The polyurethane foam article of the present invention can be described as a "rigid polyurethane foam." The term "rigid polyurethane foam" describes a particular class of polyurethane foam in contrast to flexible polyurethane foam. Rigid polyurethane foam is generally non-porous, has closed cells and minimal elastic characteristics, while flexible polyurethane foam is generally porous and has open cells.

The Isocyanate Component

The polyurethane system of the present disclosure includes the isocyanate component. The isocyanate component includes the isocyanate prepolymer. The isocyanate prepolymer comprises the reaction product of the first polyether polyol and diphenylmethane diisocyanate. In some embodiments, the isocyanate prepolymer consists essentially of the reaction product of the first polyether polyol and the diphenylmethane diisocyanate in the presence of various additives. In some embodiments, the isocyanate prepolymer consists of the reaction product of the first polyether polyol and diphenylmethane diisocyanate.

Polyether polyols as described herein and suitable for the purposes of the present invention include, but are not limited to, products obtained by polymerization of a cyclic oxide (i.e., an alkylene oxide), e.g. of ethylene (EO), propylene oxide (PO), butylene oxide (BO) or tetrahydrofuran in the presence of polyfunctional initiators. Suitable starter compounds contain a plurality of active hydrogen atoms, and include water, butanediol, ethylene glycol, propylene glycol (PG), diethylene glycol, triethylene glycol, dipropylene glycol, ethanolamine, diethanolamine, triethanolamine, toluenediamine, diethyltoluenediamine, phenyl diamine, diphenylmethanediamine, ethylenediamine, cyclohexane diamine, cyclohexane dimethanol, resorcinol, bisphenol A, glycerol, trimethylolpropane, 1,2,6-hexanetriol, pentaerythritol, and combinations thereof.

To this end, the polyether polyols as described herein include a plurality of alkyleneoxy groups. The term "alkyleneoxy group" describes a mer, or a unit. The alkyleneoxy group is the unit which results from the polymerization of alkylene oxide, for example, EO groups, PO groups and BO groups. If referenced, the amount of alkyleneoxy groups in the polyether polyols is referenced in parts by weight, based on the total weight of the alkyleneoxy groups used to form the polyether polyol. The plurality of alkyleneoxy groups can be arranged to form polyether polyols which are described as polyols having random alkyleneoxy groups (forming hetero segments), polymers having repeating alkyleneoxy groups, and polymers having block alkyleneoxy groups. The plurality of polymeric side chains have alkoxy end caps selected from the group of ethyleneoxy end caps, propyleneoxy end caps, butyleneoxy end caps, and combinations thereof. The amount of alkyleneoxy end caps in polyether polyols is referred to in percent (%), based on the total number of end caps in a sample of the particular polyether polyol.
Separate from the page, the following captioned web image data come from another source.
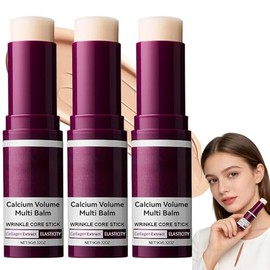 3pcs Blsamo Multi-Volumen con Calcio y Colgeno,Barra De Cuidado De Ojos,Barra Hidratante Antiarrugas para Ojos,Extracto de Elastina para Piel Firme y 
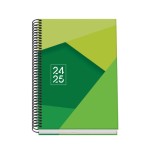 AGENDA ESCOLAR 2024-2025 TAMANO A5 TAPA CARTON FORRADO  DIA PAGINA TANGRAM BASIC VERDE DOHE 51742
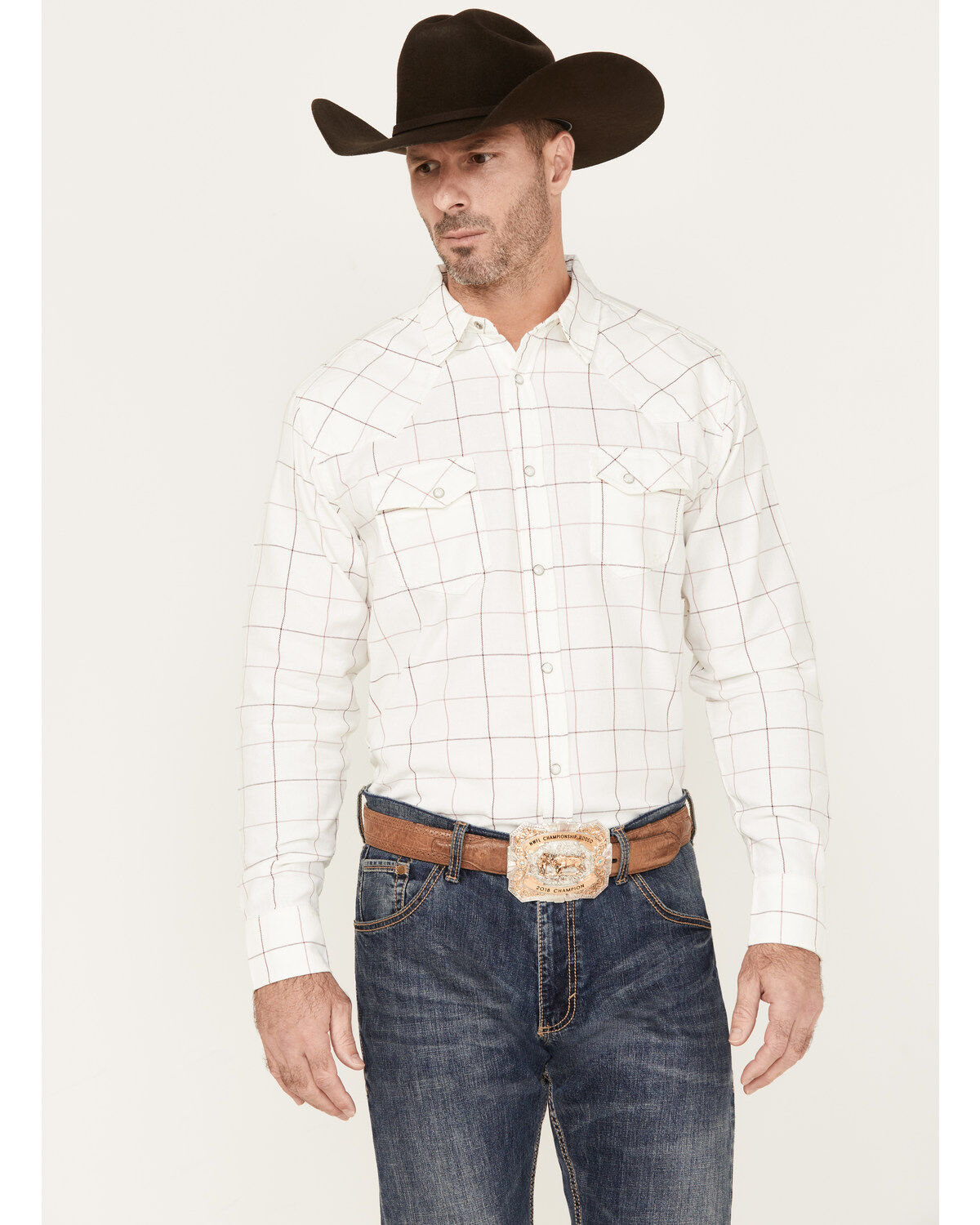 Blue Ranchwear Men's Twill Long Sleeve Pearl Snap Shirt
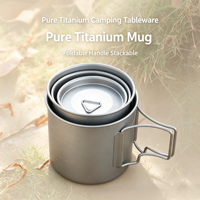 Vaisselle de camping ultralégère en titane pur, poignée pliable, empilable, tasse à café pour randonnée, logo personnalisé possible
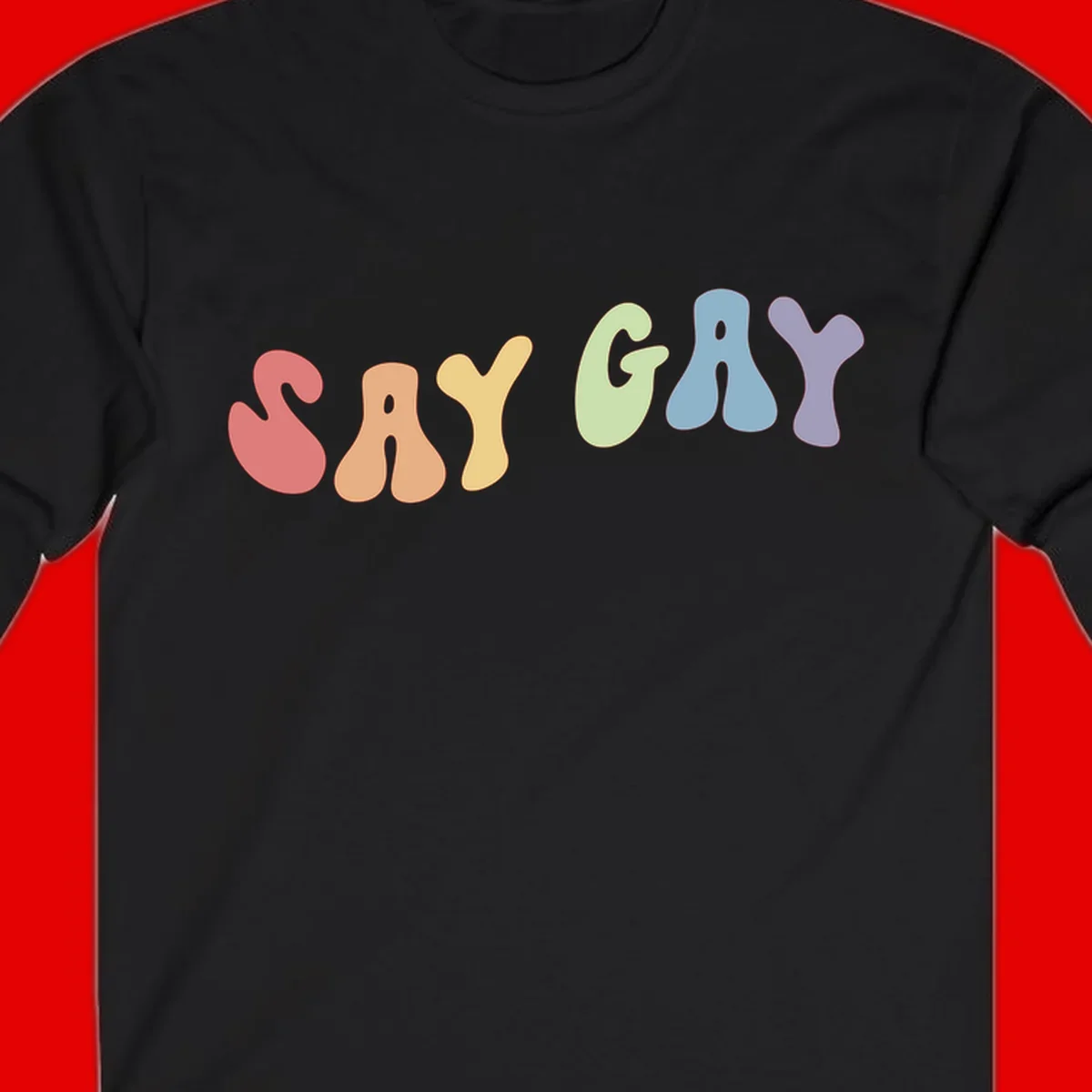 Colorful bubble letters spelling SAY GAY in rainbow pride colors: red, peach, yellow, green, blue, and purple on gray background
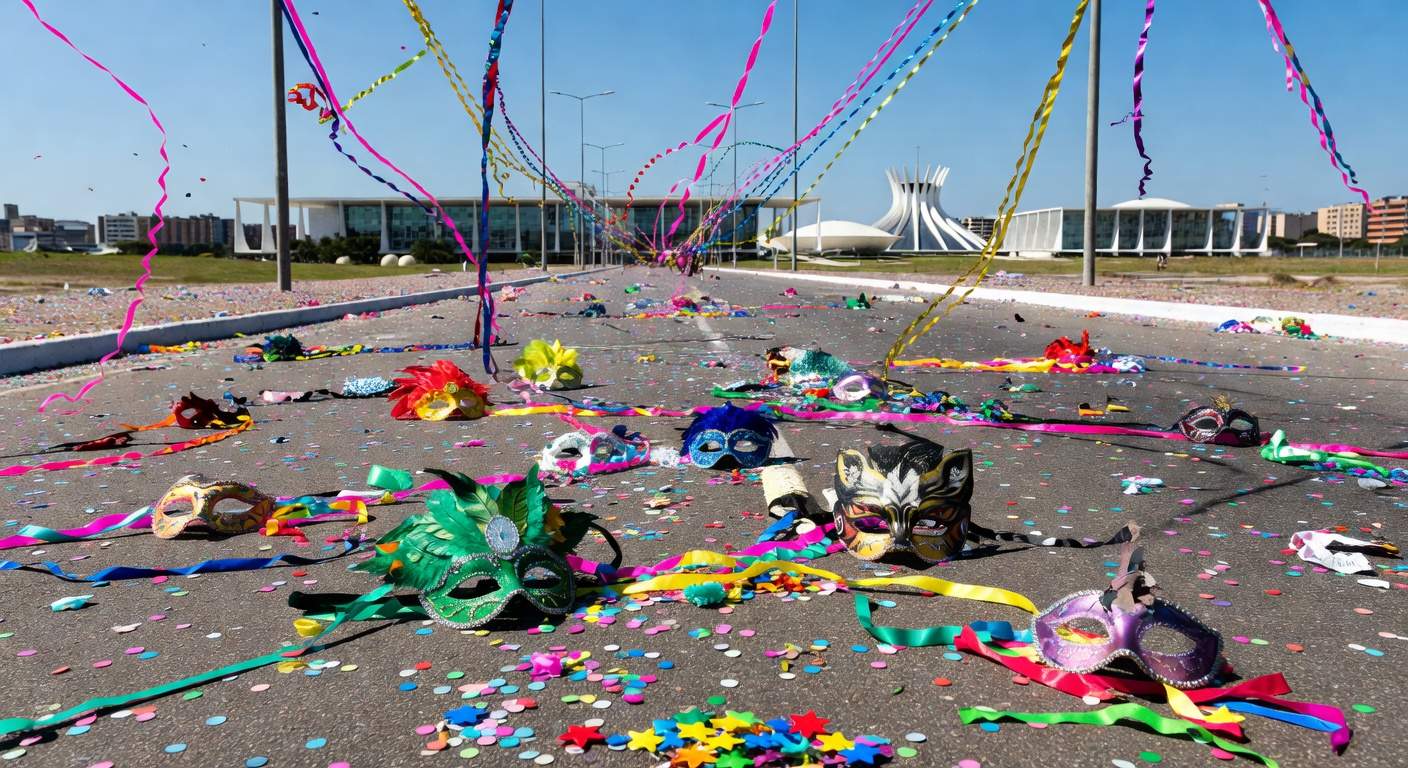 Rua em Brasília no Carnaval com confetes e máscaras abandonadas, expondo falhas no combate ao assédio.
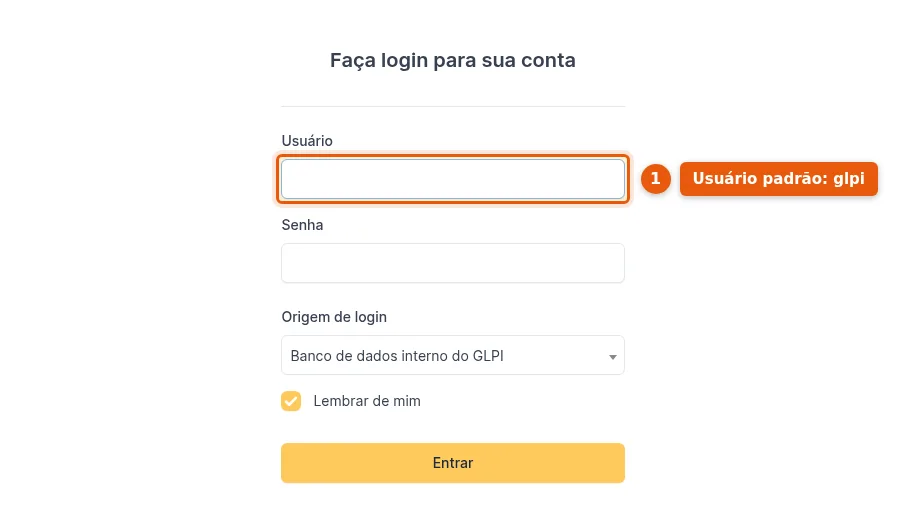 Tela de login do GLPI 11 em container Docker, em português, com os campos Usuário e Senha e a marcação do usuário padrão glpi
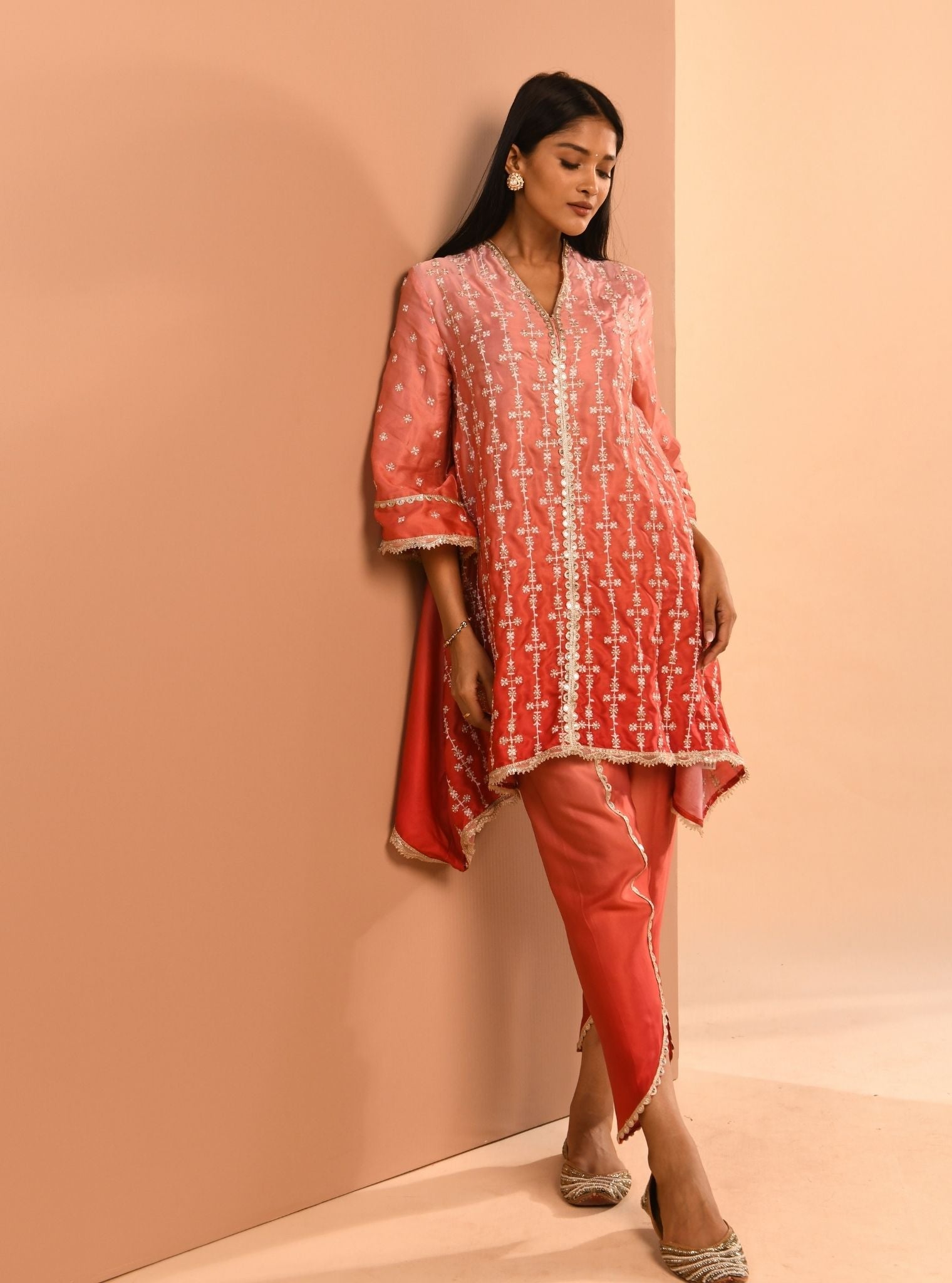 Mulmul Cupro Silk Inara Pink Kurta With Mulmul Inara Pink Dhoti Pant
Referring now to the first polyol polyether, the first polyol polyether typically has a functionality of greater than about 2, alternatively greater than about 3, alternatively from about 2 to about 5, alternatively from about 3 to about 5, alternatively about 4; a weight average molecular weight of from about 200 to about 900, alternatively from about 300 to about 700, alternatively from about 300 to about 500, alternatively from about 350 to about 450 g/mol; a hydroxyl number of from about 30 to about 1100, alternatively from about 400 to about 900, alternatively from about 435 to about 570, alternatively from about 435 to about 465, alternatively from about 540 to about 570 mg KOH/g; and a viscosity at 20°C of from about 1,000 to about 8,000, alternatively from about 4,000 to about 6,000, alternatively from about 4,800 to about 5,600 cps when tested in accordance with ASTM D2196-15. In various non-limiting embodiments, all values and ranges of values between the values mentioned above are expressly contemplated in the present description.

In some embodiments, the first polyether polyol is started with pentaerythritol. An initiator, also called a promoter, functions as a reaction base for compounds, such as alkylene oxides, which polymerize to form polyols, and also serves to anchor polyols during formation. The first polyether polyol of these embodiments may comprise EO, PO and/or BO groups and has various percentages of PO coverage. The first polyether polyol has greater than about 90, alternatively greater than about 95, alternatively greater than about 99, alternatively about 100% PO coverage. More specifically, by "approximately" 100% coverage with PO, it is meant that all of the intended coverage of the first polyether polyol is a terminal coverage with PO, with no EO coverage resulting from traces of other alkylene oxides or other impurities. As such, the coverage is typically about 100% PO coverage, but can be slightly lower, such as at least about 99% PO coverage, and depends on process variables and the presence of impurities during processing. production of the first polyether polyol.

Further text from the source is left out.